Hamilton County Prosecutor Joe Deters points to a photo of the gorilla enclosure at the Cincinnati Zoo. John Minchillo / AP

The parents of the boy who climbed into a gorilla enclosure at the Cincinnati Zoo last month won’t be charged with any crime, Ohio’s Hamilton County prosecutor’s office said Monday.

Zoo personnel shot and killed the western lowland gorilla, named Harambe, after the 3-year-old boy crawled over the railing and fell into the animal’s cage.

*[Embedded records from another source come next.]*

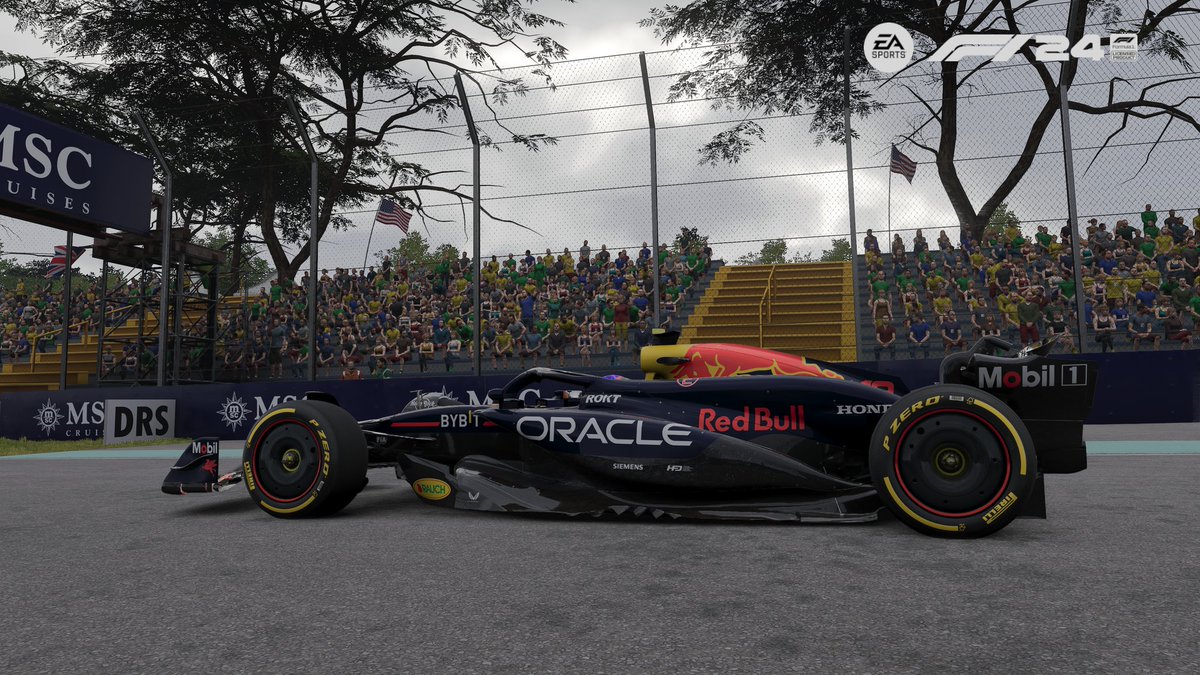VirtualDrivers's tweet image. En el primer gran premio de la temporada, Nexus volvió como se fue, y consiguió la primera victoria en el circuito de Interlagos. Un imperial Arcla consiguió un tremendo podio en su debut con RedBull y Havel completó el podio siguiendo con su tremenda regularidad. #SomosHVD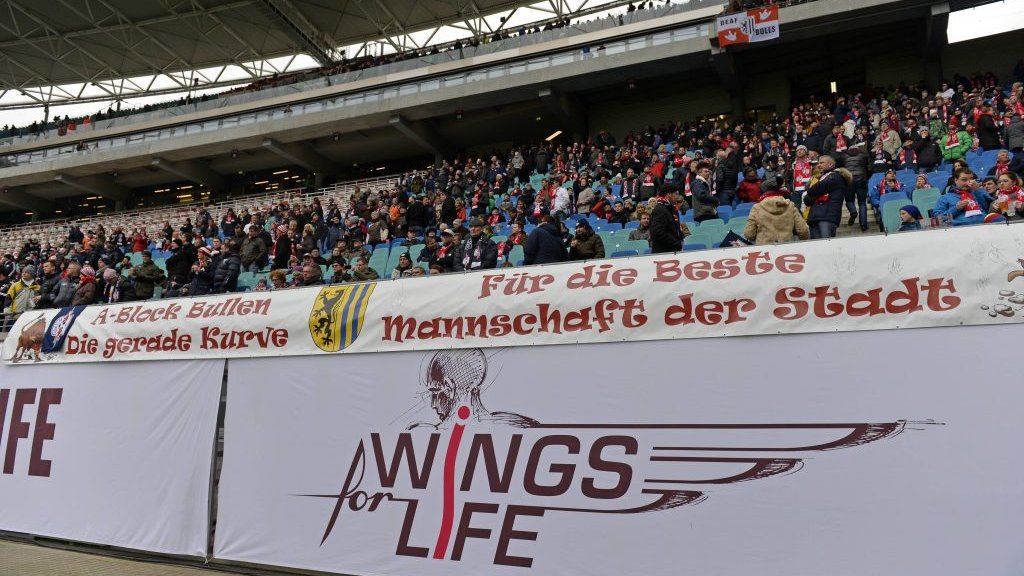 Das Banner des Fanclubs A-Bock-Bullen hängt nun künftig im Oberrang – bis auf Widerruf.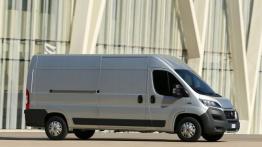 Fiat Ducato III Facelifting Furgon (2014) - prawy bok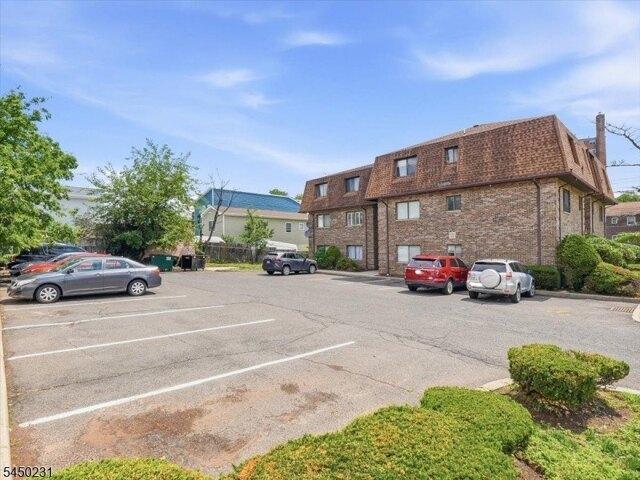 2 bedroom, Belleville NJ 07109 105278663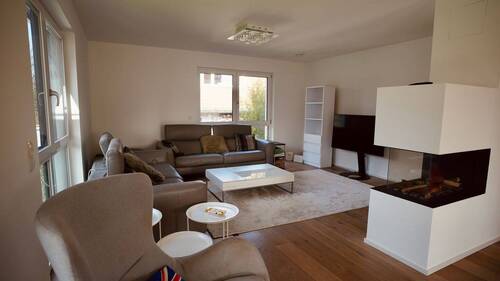 Wohnzimmer (2).JPG - 6 Zimmer Einfamilienhaus in Bonn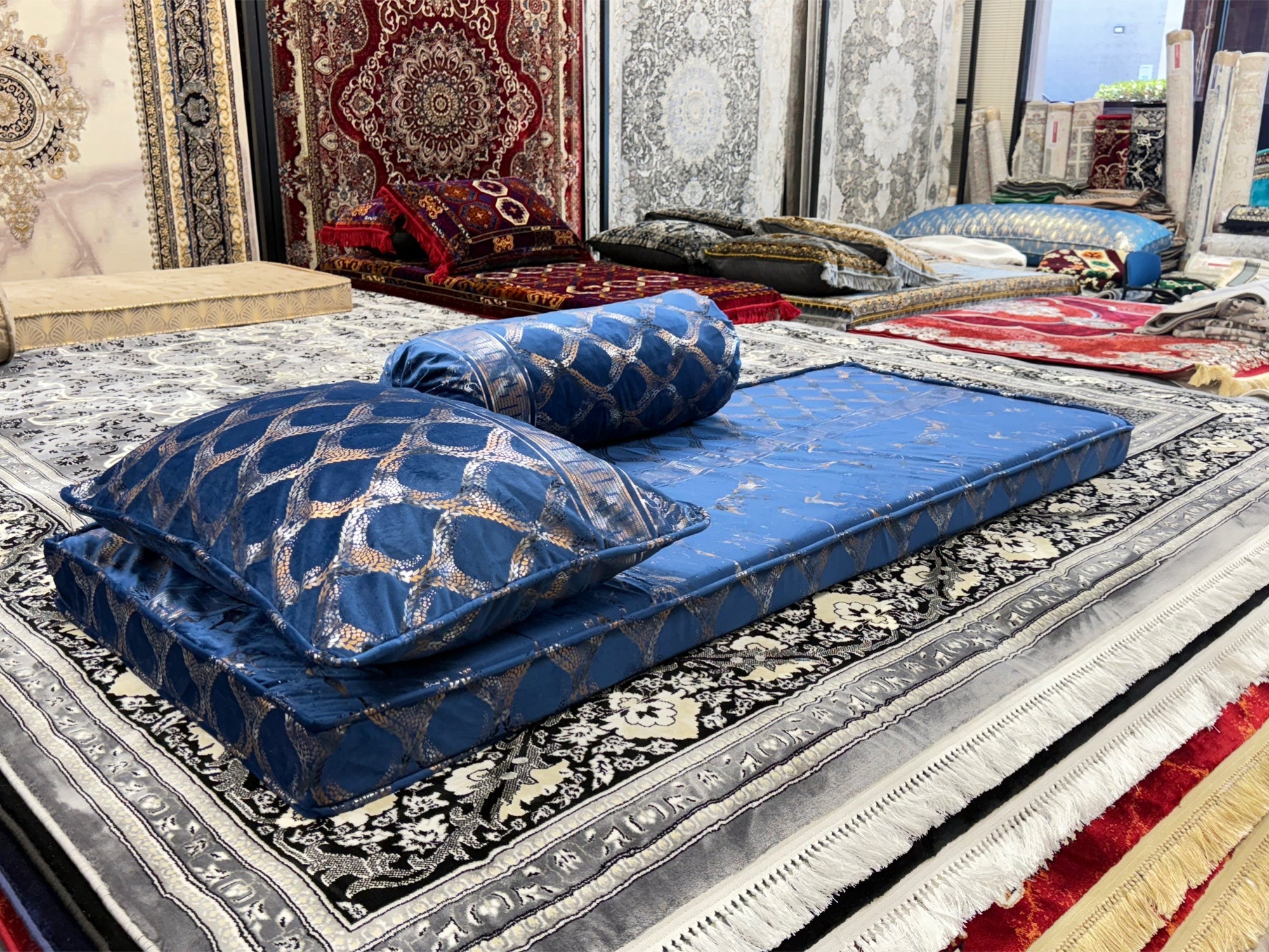 غطاء كابولي توشك الإصدار الأول · وسادة أرضية أفغانية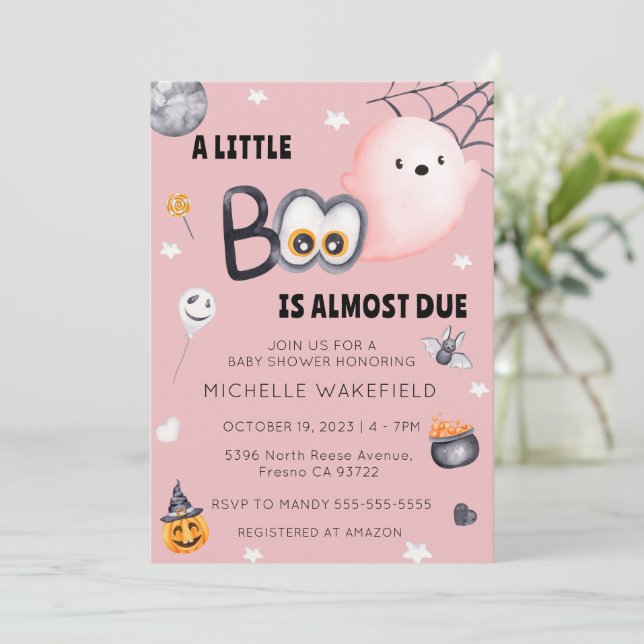 Invitación Pequeño Boo Se Debe Al Chica Rosado Halloween Baby (Anverso de pie)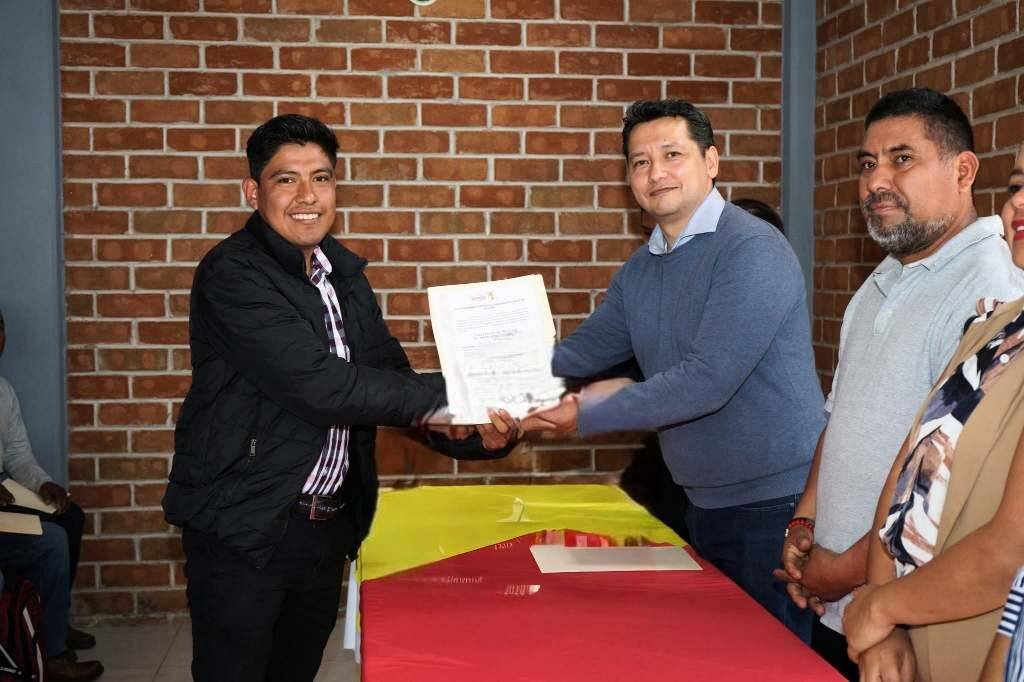 ENTREGA ALCALDE DE TOTUTLA CONSTANCIAS A AGENTES MUNICIPALES ELECTOS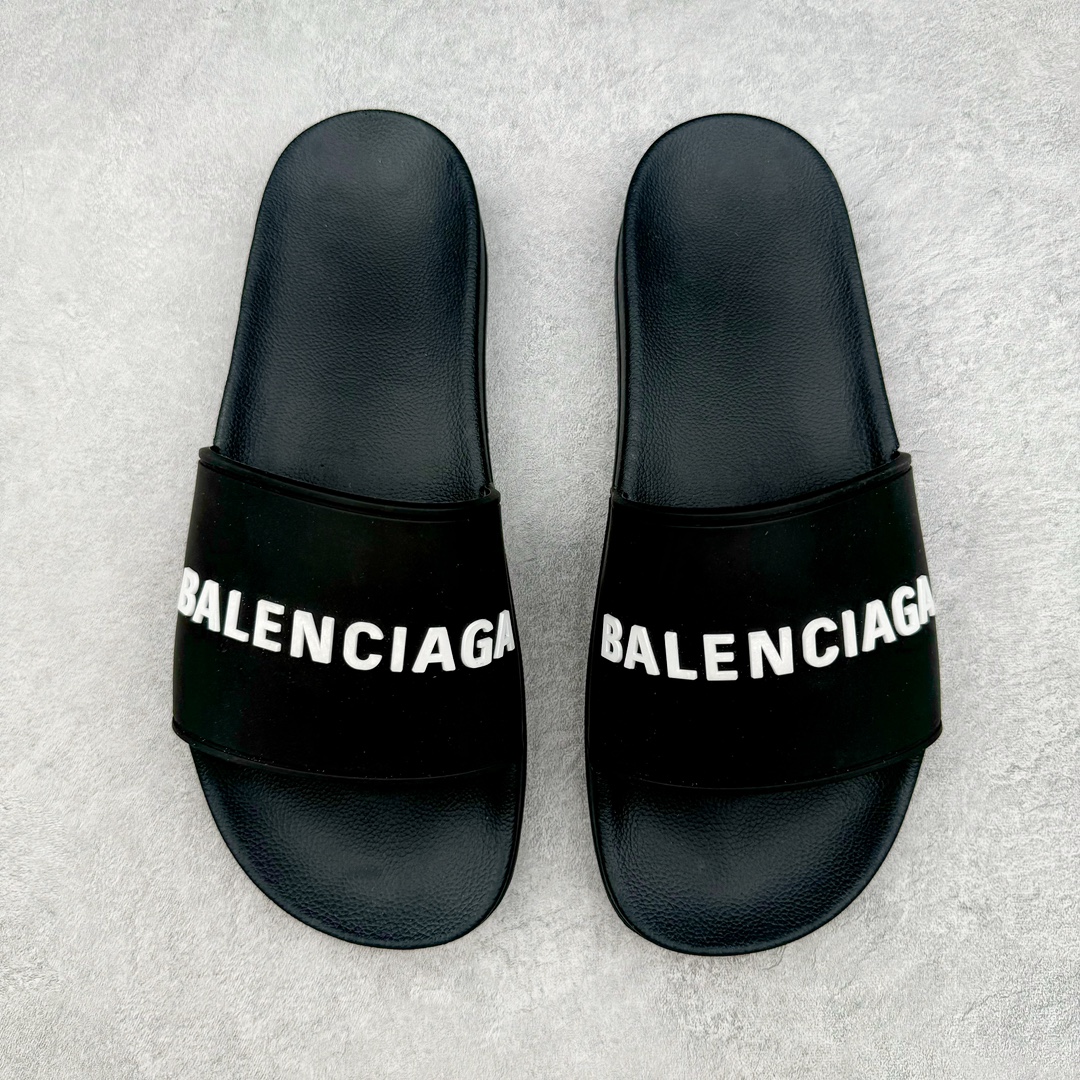 图片[2]-💰100 ＃Good纯原福利‼Balenciaga Pool Slide Sandal 巴黎世家时尚套穿橡胶一字涉水拖鞋 Piscine橡胶拖鞋式凉鞋 橡胶拖鞋式凉鞋 压模橡胶鞋床 带子上的白色 3D 标志 后跟浮印Balenciaga品牌标识 同色系鞋底和鞋垫 尺码：40 41 42 43 44 45 46 编码：by1936070-运动鞋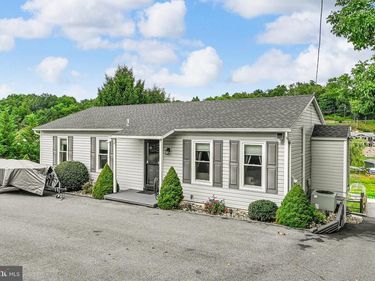 590 WYNONAH DRIVE, AUBURN, PA 17922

The animal’s killing prompted an uproar and criticism against the child’s parents, who some blamed for the gorilla’s death because the couple had apparently lost track of their son.

In a statement, the head of the Hamilton County Prosecuting Attorney’s Office, Joseph T. Deters,  said:

“This was a tragic accident and a terrible loss for the zoo of their beloved gorilla.  However, the zoo did the right thing when they took immediate action to save the life of a young child.  A gorilla is a wild animal and, by definition, dangerous and unpredictable.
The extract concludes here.